Cognitive Daily posts here on recent research that attempts to explain how and when we are most likely to develop "false memories." Here's an excerpt:
Yoko Okado and Craig Stark designed a study to examine the problem. They showed participants eight different slide shows telling stories on topics ranging from students talking in the hallway outside of class to the theft of a woman’s wallet. Each slide show had 50 pictures and was shown twice. During the second showing, 12 of the pictures were surreptitiously changed in an effort to create false memories. Two days later, participants were tested on their memory for those 12 critical slides.
Sure enough, a significant portion of the time, participants responded with false memories: They believed they had seen the same slide in both presentations (the man stole the wallet and hid behind a tree), when in fact they had seen two different slides (in the first slide show, the man hid behind the door, but in the second show, he hid behind the tree).

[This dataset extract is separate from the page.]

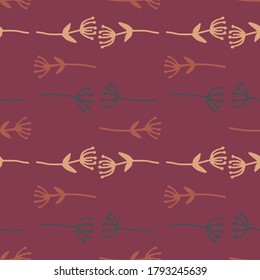 Seamless pattern with floristic dandelion multicolor shapes. Burgundy background. Naive stylized design. Decorative backdrop for wallpaper, wrapping paper, textile print, fabric. Vector illustration.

This result matched earlier research finding that when people watch a movie and then are presented with a written account that doesn’t match the movie, they will often falsely “remember” that the written story agrees with the movie. But Okado and Stark were able to take their research one step further, because their participants had agreed to perform the task while undergoing a constant fMRI, which mapped brain activity in three dimensions as they watched the slide shows.
And here's how they conclude the post:
So what does this say about Mafia “hardball” attempts to influence witnesses? Ironically, they may be doing exactly the wrong thing. If a witness is intimidated by physical force to change her original story, isn’t she more likely to remember the context? It might be more effective to use subtler techniques to get witnesses to change their tune.